It is thus not surprising that many have reached for the superlative ‘heroic’ in describing the actions of healthcare workers. Yet while these descriptions of ‘healthcare heroes’ may be superficially fitting, the continuing dominance of the hero narrative in the media is in several ways unhelpful.

Heroism stifles meaningful discussion about the duty of care and its limits

A significant problem with the dominant heroism narrative is that it stifles meaningful, and much needed, discussion about under what obligations healthcare workers have to work. The question of what can reasonably be expected of healthcare workers in a pandemic is best addressed through an examination of their duty of care, including what grounds it and what its limits are. Media focus on heroism does not afford sufficient examination of these questions.

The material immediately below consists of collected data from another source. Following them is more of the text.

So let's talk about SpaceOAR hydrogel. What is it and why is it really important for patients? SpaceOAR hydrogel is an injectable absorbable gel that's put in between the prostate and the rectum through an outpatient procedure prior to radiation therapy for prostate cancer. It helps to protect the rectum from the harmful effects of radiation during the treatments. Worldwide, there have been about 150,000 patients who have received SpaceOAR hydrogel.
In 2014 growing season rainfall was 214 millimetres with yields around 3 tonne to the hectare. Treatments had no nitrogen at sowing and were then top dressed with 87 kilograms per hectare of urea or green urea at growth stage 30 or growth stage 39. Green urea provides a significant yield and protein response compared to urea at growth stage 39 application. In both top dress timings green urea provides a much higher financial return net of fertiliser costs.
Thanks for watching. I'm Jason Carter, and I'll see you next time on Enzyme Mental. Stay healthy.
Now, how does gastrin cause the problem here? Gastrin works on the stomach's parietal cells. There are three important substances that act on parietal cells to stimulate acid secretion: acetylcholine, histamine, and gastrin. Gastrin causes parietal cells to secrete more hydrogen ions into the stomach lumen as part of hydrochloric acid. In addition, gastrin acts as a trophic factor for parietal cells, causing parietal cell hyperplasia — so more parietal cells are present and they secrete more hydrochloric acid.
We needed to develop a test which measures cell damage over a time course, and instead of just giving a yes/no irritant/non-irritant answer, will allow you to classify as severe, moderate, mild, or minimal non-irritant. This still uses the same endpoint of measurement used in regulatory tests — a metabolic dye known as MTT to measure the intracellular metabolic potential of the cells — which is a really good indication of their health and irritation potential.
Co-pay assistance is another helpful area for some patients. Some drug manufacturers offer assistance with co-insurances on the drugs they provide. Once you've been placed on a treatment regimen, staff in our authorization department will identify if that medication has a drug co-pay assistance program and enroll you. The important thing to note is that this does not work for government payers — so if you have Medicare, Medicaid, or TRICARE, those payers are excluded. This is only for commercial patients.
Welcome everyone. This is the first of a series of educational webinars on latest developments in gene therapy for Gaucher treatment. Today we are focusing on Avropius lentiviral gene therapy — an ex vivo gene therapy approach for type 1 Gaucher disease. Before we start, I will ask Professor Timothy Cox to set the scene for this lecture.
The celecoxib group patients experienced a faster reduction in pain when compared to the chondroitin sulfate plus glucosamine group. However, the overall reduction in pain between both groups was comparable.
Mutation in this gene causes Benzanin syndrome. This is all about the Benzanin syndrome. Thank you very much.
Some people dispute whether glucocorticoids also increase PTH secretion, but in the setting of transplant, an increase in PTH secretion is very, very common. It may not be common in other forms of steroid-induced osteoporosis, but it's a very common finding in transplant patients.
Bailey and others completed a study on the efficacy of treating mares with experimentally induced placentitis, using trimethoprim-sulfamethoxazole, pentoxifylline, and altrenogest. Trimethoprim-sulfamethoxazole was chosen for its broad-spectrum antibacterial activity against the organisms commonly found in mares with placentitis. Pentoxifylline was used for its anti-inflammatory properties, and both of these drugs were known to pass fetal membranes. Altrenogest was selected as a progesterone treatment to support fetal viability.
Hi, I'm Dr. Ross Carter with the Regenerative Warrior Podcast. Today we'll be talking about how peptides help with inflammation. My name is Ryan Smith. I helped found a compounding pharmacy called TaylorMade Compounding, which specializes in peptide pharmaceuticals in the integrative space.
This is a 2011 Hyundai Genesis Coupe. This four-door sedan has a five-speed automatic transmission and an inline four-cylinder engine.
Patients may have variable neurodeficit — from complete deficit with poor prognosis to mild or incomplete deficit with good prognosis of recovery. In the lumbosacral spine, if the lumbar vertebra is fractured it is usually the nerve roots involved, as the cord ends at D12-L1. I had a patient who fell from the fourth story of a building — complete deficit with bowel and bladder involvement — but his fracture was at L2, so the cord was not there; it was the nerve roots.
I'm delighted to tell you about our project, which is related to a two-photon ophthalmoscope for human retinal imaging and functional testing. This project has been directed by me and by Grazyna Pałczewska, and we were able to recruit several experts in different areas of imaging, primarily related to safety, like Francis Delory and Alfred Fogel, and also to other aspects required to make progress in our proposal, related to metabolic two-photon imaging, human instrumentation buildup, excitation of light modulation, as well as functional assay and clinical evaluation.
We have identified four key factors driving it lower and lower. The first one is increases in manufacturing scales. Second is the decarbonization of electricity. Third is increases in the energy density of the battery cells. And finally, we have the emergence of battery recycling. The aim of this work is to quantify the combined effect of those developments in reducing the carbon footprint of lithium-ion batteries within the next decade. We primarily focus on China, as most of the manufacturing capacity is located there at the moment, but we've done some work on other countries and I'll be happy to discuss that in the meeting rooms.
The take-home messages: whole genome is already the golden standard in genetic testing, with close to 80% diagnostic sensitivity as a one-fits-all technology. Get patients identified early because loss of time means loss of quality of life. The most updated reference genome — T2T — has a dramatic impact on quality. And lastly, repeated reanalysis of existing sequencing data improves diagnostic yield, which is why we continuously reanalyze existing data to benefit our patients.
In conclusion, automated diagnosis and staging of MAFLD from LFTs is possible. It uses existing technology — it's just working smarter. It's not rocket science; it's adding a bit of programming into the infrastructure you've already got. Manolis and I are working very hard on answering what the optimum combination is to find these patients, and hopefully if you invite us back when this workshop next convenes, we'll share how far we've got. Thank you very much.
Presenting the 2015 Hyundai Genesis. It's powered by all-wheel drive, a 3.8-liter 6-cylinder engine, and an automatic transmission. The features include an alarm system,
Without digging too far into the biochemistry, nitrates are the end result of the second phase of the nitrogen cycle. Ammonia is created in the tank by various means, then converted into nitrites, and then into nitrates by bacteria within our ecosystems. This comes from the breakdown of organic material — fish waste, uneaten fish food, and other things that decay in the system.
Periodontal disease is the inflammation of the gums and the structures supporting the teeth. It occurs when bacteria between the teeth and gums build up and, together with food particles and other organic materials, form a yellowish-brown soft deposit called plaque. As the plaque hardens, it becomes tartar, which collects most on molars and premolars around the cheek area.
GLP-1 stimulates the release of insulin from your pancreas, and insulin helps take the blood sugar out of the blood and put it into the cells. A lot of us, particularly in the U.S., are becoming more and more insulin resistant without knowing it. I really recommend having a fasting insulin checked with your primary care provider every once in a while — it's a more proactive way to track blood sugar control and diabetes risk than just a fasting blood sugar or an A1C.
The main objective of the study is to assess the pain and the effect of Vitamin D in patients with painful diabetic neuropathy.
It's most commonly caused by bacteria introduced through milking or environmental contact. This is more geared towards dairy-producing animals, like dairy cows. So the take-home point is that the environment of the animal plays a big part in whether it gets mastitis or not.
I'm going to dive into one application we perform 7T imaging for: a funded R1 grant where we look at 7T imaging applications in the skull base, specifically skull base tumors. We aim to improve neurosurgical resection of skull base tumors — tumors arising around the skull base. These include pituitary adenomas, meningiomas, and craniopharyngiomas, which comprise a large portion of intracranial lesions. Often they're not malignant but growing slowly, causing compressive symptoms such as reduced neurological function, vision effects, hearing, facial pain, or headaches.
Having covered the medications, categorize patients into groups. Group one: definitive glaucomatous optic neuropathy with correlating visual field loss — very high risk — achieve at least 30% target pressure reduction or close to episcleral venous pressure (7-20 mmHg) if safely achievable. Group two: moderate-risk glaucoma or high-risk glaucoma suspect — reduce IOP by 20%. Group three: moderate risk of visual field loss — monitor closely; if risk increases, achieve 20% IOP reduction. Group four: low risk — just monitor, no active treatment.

It is uncontroversial to state that healthcare professionals have a duty of care to their patients. This duty of care is a ‘special’ positive moral duty, which arises from the relationship between the healthcare worker and the patient. 14 Special duties have two key characteristics: (1) typically they are role related, and are signified by an overt acceptance of the duty, and (2) they can obligate people to incur greater risk in performing the duty than we might expect others to. 14 Yet the duty of care is neither limitless nor fixed. 15 Sokol has been particularly critical of the concept of duty of care, noting that ‘in the medical context, is often invoked as a sort of quasi-biblical commandment, akin to “do not lie” or “do not murder”.’ 16 While it is intuitively appealing to rely on duty of care to justify what healthcare workers should be expected to do during pandemics, the phrase alone is too nebulous to be useful: relying on it can be ‘ethically dangerous by giving the illusion of legitimate moral justification’. 16 If we accept that healthcare workers have a special positive duty to treat patients of emerging infectious disease, even at some personal risk—a ‘duty to treat’—we must critically examine both what grounds this duty and what its limits are.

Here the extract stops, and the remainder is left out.